▶ _Your instructions_
Your output must be the lines below from the line containing "2Pcs Cute Kitten" to the line containing "Ghibli pet portrait before and after", both lines included, reproduced exactly and without pictures.

----- Records provided -----

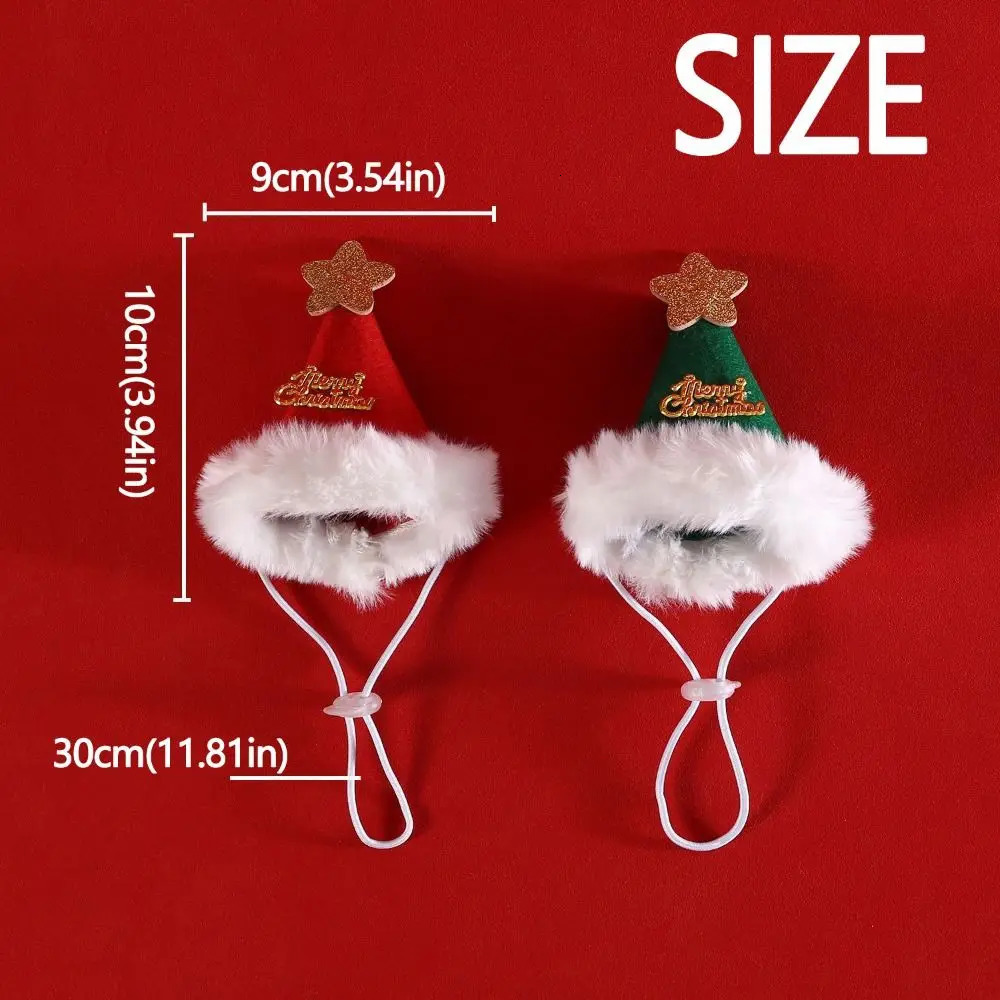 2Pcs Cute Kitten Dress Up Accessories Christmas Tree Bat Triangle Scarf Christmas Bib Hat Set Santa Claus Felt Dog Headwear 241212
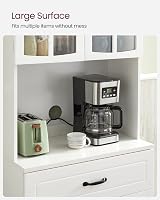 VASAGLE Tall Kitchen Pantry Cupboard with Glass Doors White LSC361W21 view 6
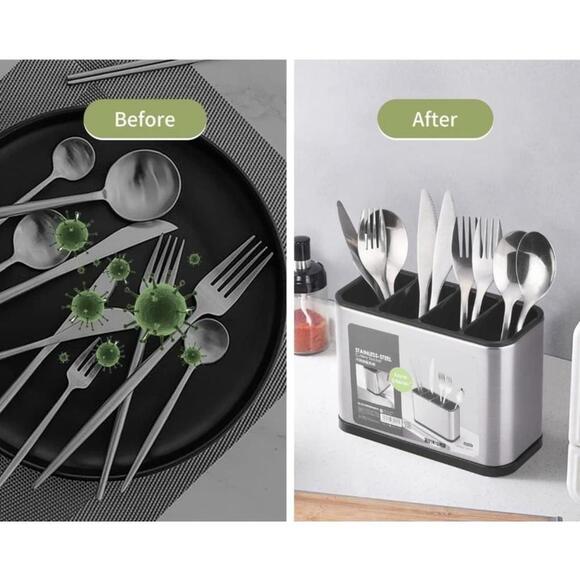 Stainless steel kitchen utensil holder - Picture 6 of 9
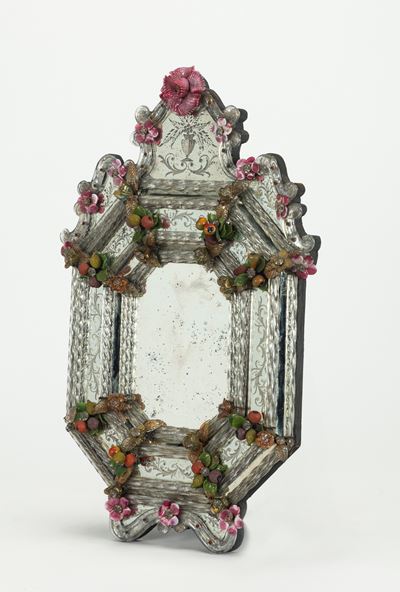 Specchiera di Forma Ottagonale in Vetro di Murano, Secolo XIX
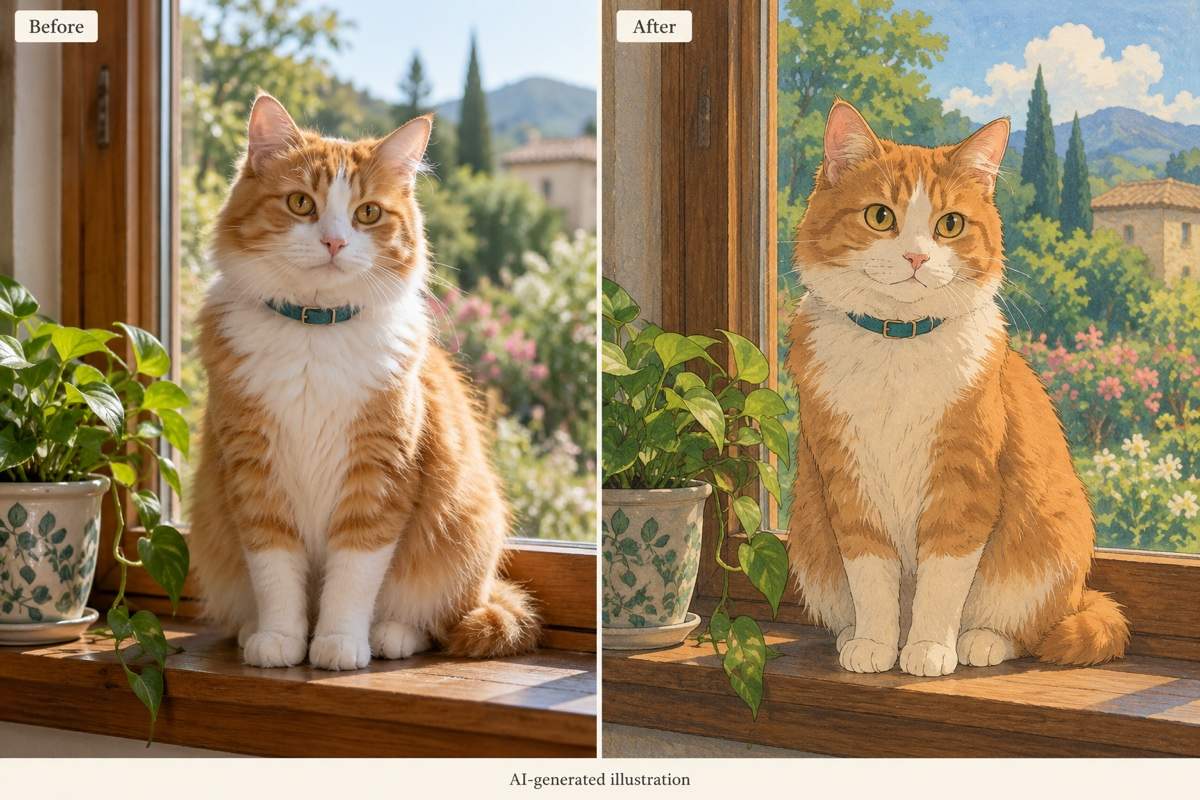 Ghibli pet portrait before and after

-----
----- Records provided -----

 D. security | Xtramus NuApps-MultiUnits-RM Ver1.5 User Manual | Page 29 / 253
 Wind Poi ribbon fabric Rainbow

-----
----- Records provided -----

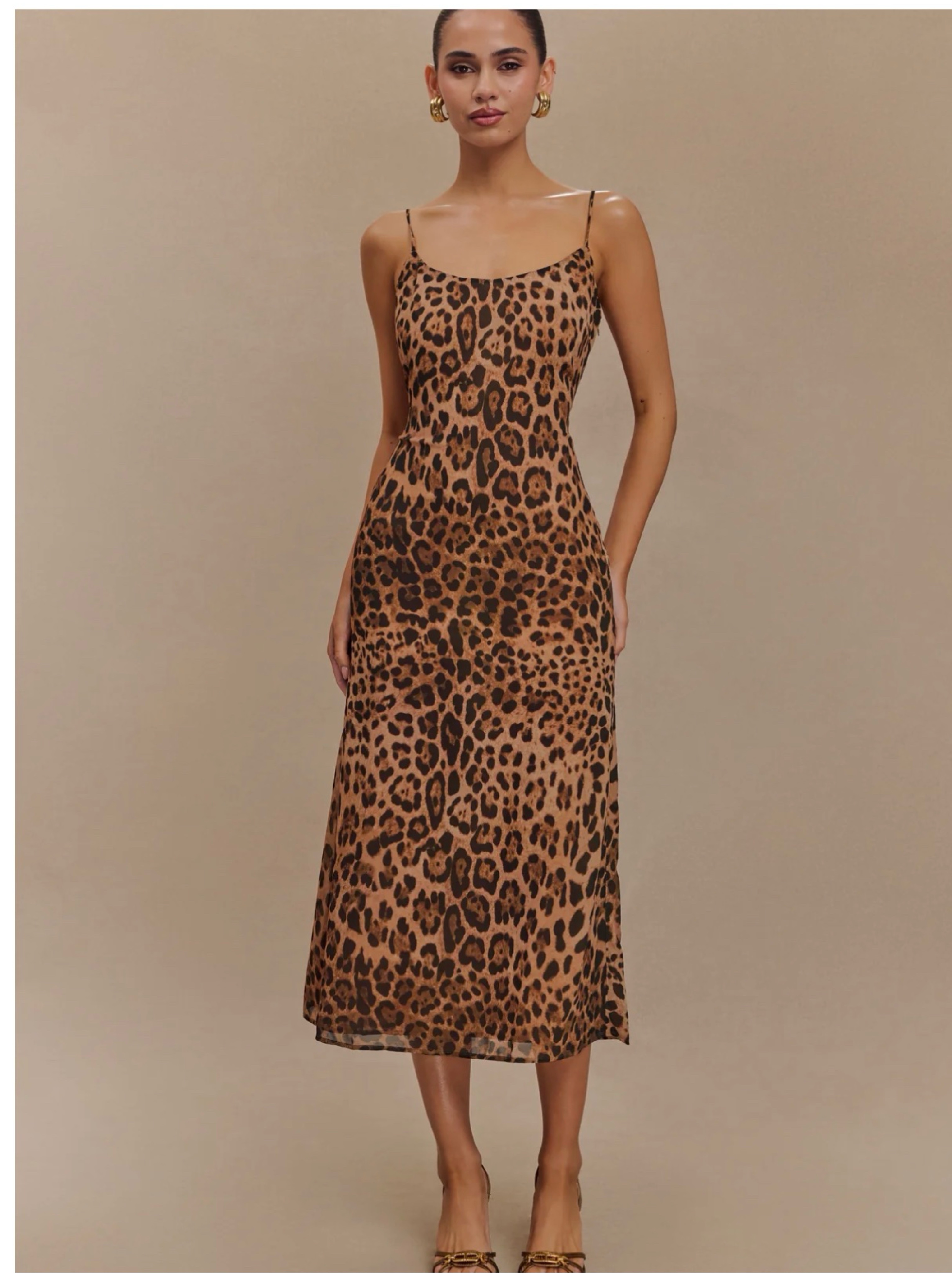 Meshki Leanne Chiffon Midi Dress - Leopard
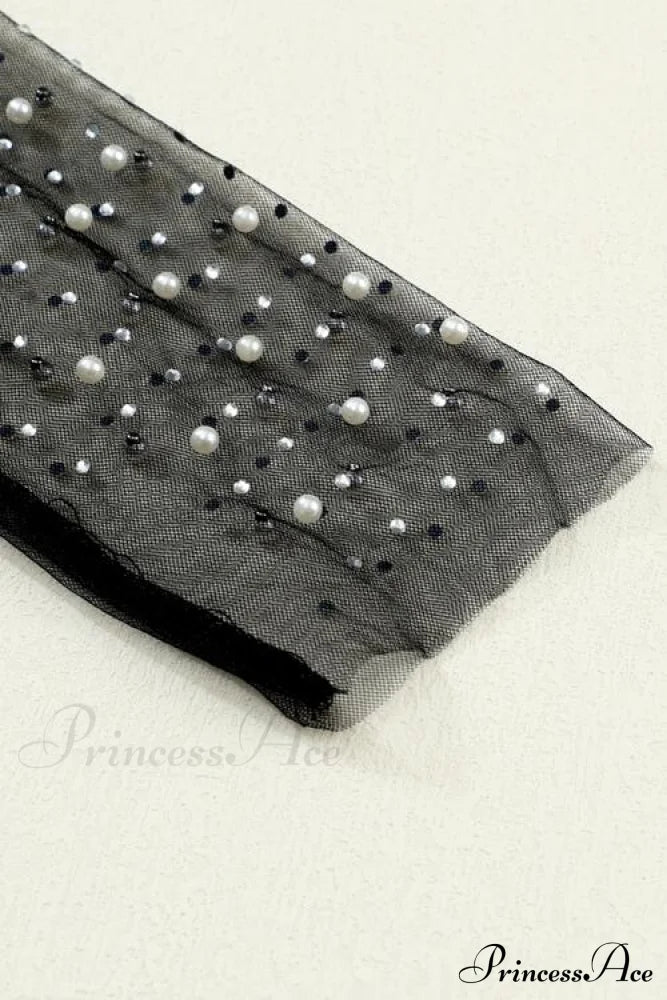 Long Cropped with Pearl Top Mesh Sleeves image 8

-----

▶ _Response for this exercise_
 2Pcs Cute Kitten Dress Up Accessories Christmas Tree Bat Triangle Scarf Christmas Bib Hat Set Santa Claus Felt Dog Headwear 241212
 VASAGLE Tall Kitchen Pantry Cupboard with Glass Doors White LSC361W21 view 6
 Stainless steel kitchen utensil holder - Picture 6 of 9
 Specchiera di Forma Ottagonale in Vetro di Murano, Secolo XIX
 Ghibli pet portrait before and after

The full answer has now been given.